=== Begin Enclosure ===
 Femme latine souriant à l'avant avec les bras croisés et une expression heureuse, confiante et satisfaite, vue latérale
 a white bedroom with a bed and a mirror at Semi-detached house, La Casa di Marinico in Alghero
=== End Enclosure ===
=== Begin Enclosure ===
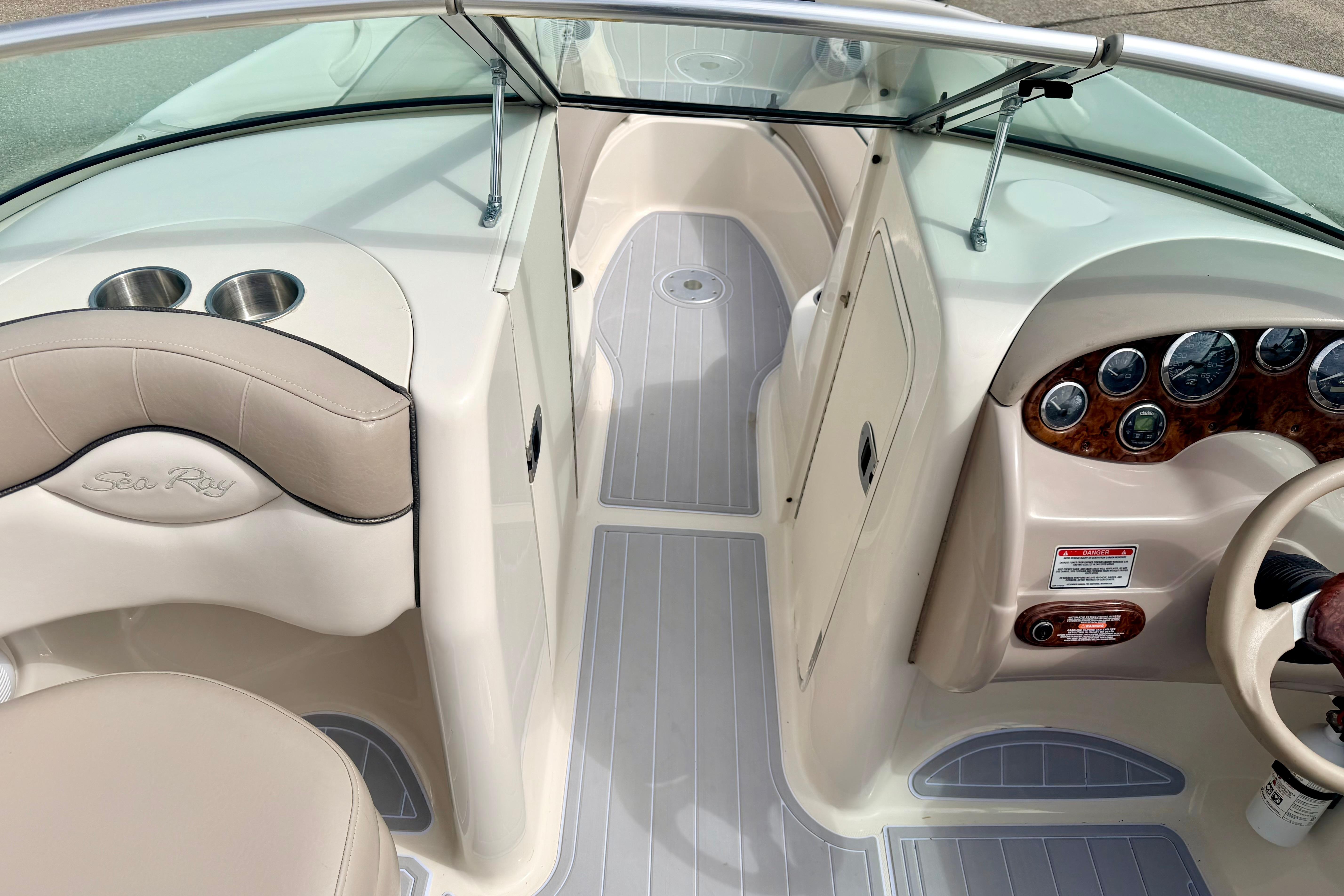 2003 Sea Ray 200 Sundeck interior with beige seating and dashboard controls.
=== End Enclosure ===
Required action: The lines above from the one containing "Femme latine souriant" through the one containing "a white bedroom" are to be set down exactly, and no others.

Task answer:
 Femme latine souriant à l'avant avec les bras croisés et une expression heureuse, confiante et satisfaite, vue latérale
 a white bedroom with a bed and a mirror at Semi-detached house, La Casa di Marinico in Alghero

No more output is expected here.